WANTAGE Community Hospital will close indefinitely this summer after legionella bacteria was found in the hot water system, it emerged today.

Oxford Health NHS Foundation Trust announced this afternoon the hospital in Garston Lane will be closing and all its service re-located by early summer.

The trust stressed it was a planned closure based on safety grounds to try to permanently eradicate the risk of legionella in the hot water system.

The trust insisted there is no health risks at present and is currently using short-term treatments to tackle the problem.

But Oxford Health has not said when the hospital will fully close, nor whether it will re-open at all, despite the cash for the repairs already being set aside.

A spokeswoman stressed the decision on the hospital's future will wait until after a county-wide public consultation this autumn into the provision of bed-based and ambulatory care for older people and adults with multiple long term conditions.

She added: "Given the high cost of the works required, the trust is concerned that the future use of the building should be determined before undertaking an expensive building project which may then need to be changed as a result of the consultation."

The trust said raised levels of the legionella bacteria had been detected in the hospital's plumbing, but there was no health risks at present.

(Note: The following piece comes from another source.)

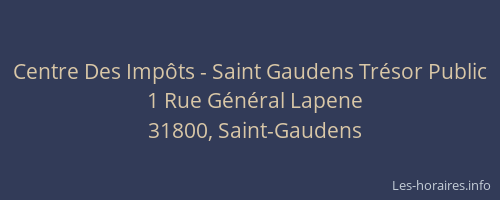 Centre Des Impôts - Saint Gaudens Trésor Public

But a spokeswoman said the whole piping system for the site needed to be replaced and keeping the hospital open during the work will make it difficult to maintain a safe clinical environment.

She added: "Raised levels of legionella have been detected in the hot water system at Wantage and we have been applying effective short-term treatments to the system.

"However, because pipework at WCH is old, corroded and hot water circulation is poor, legionella will recur unless the plumbing for the whole site is replaced.

"Keeping the hospital open while work on this scale takes place would make it very difficult to maintain a safe environment and would have a detrimental impact on patient care."

The hospital currently provides 12 inpatient beds, a midwifery-led unit and musculo-skeletal physiotherapy outpatients (MSK), which the trust said will be gradually re-located to nearby sites in the coming months.

Oxford Health said patients will be given practical assistance with travel arrangements.